Mi madre era buena persona. Cuando murió su marido, Pedro de Albuquerque Santiago, tenía treinta y un años de edad y pudo haber regresado a Itaguaí. No quiso, prefirió quedarse cerca de la iglesia donde mi padre fue enterrado. Vendió la pequeña hacienda con sus esclavos, compró algunos y los puso a producir beneficio o los alquiló, compró una docena de casas, invirtió en cierto número de pólizas, y se dejó estar la casa de Matacavalos, donde había vivido durante sus dos últimos años de casada. Era hija de una señora mineira, descendiente de otra paulista, la familia Fernandes.
Ahora bien, en aquel año de gracia de 1857, dona María da Gloria Fernandes Santiago tenía cuarenta y dos años de edad. Aún era bonita y joven, pero insistía en esconder los saldos de su juventud, por más que la naturaleza quisiese preservarla del paso del tiempo. Vivía metida en un eterno vestido oscuro, sin adornos, con un chal negro, doblado en triángulo y abrochado en el pecho con un camafeo. Los cabellos, peinados en dos rodetes, estaban recogidos sobre la nuca con una vieja peineta de carey; algunas veces llevaba una toca blanca plisada. Lidiaba así, con sus silenciosos zapatos bajos de cordobán, de un lado a otro, viendo y guiando todos los servicios de la casa, desde la mañana hasta la noche.
Tengo su retrato en la pared, al lado de su marido, como en la otra casa. La pintura se oscureció, pero aún da una idea de ambos. No recuerdo nada de él, solo vagamente, que era alto y tenía una cabellera abundante; el retrato muestra unos ojos redondos que me acompañan a todas partes, efecto de la pintura que me asustaba de niño. Su cuello emerge de una corbata negra de muchas vueltas; el rostro totalmente rasurado, salvo una pequeña parte junto a las orejas.
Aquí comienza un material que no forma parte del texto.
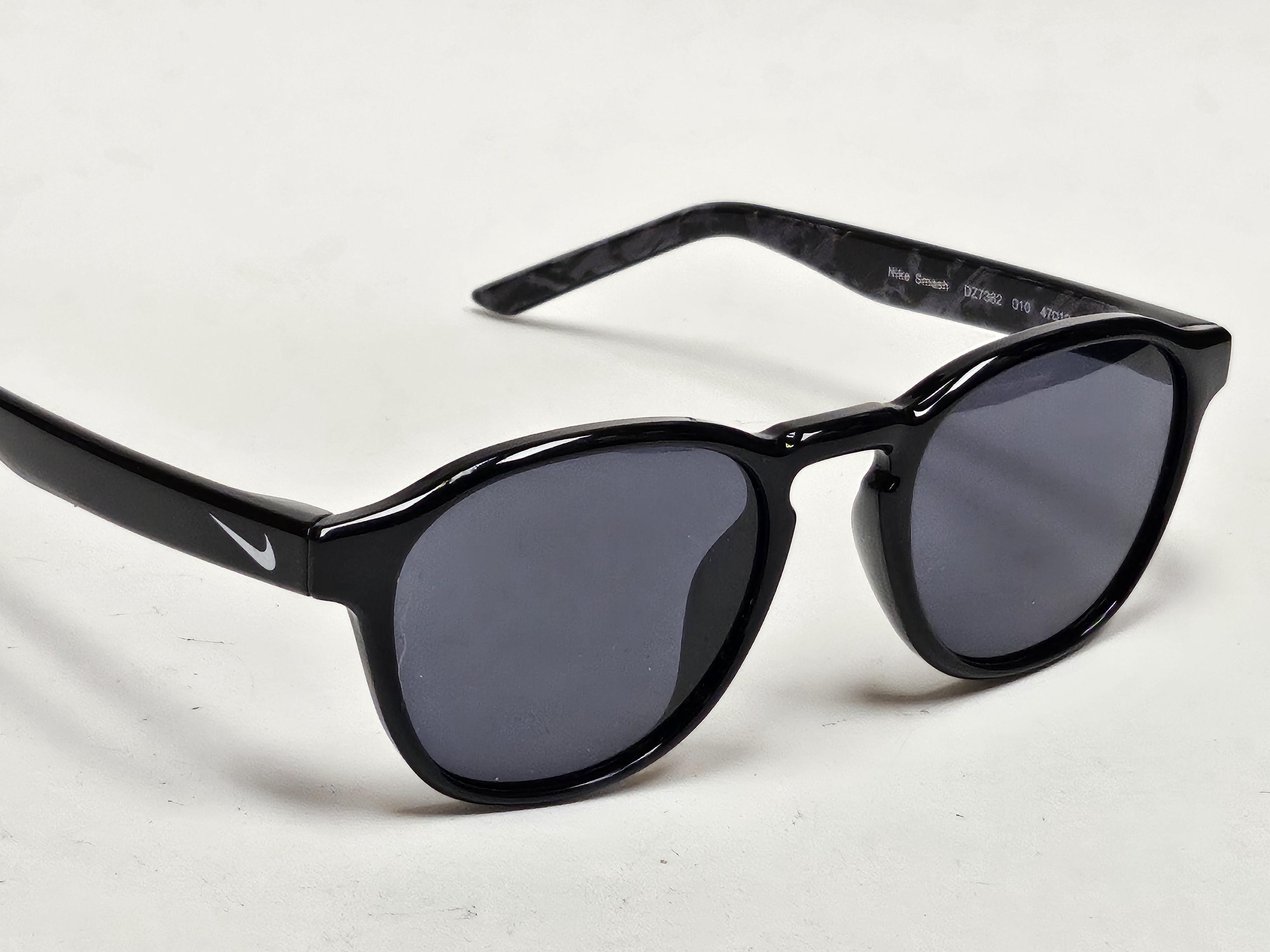 nike sunglasses clearance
El de mi madre muestra que era linda. Entonces contaba con veinte años y tenía una flor entre los dedos. En el cuadro parece ofrecerle la flor a su marido. Lo que se lee en la cara de ambos es que, si la felicidad conyugal puede ser comparada al premio gordo, ellos la habían ganado, con un número comprado en sociedad.
Concluyo que no se deben abolir las loterías. Ningún premiado las ha acusado todavía de inmorales; así como nadie ha tachado de mala la caja de Pandora por guardar la esperanza en su fondo, en alguna parte ella tiene que estar. Aquí tengo a los dos bien casados de otrora, los bien amados, los bienaventurados, que se fueron de esta vida a la otra, probablemente a continuar un sueño. Cuando la lotería y Pandora me hastían, alzo los ojos hacia ellos y olvido los números sin premio y la caja fatídica. Son retratos que valen por originales. El de mi madre, ofreciendo la flor a su marido, parece decir: “¡Soy toda tuya, mi guapo caballero!” El de mi padre, mirando hacia nosotros, hace este comentario: “Vean cómo me quiere esta moza…” Si sufrieron incomodidades, no lo sé, como no sé si tuvieron disgustos: era un niño y comencé por no haber nacido. Después de la muerte de él, me viene a la memoria que ella lloró mucho; más aquí están los retratos de ambos, sin que la suciedad del tiempo les haya quitado la primera expresión. Son como fotografías instantáneas de la felicidad.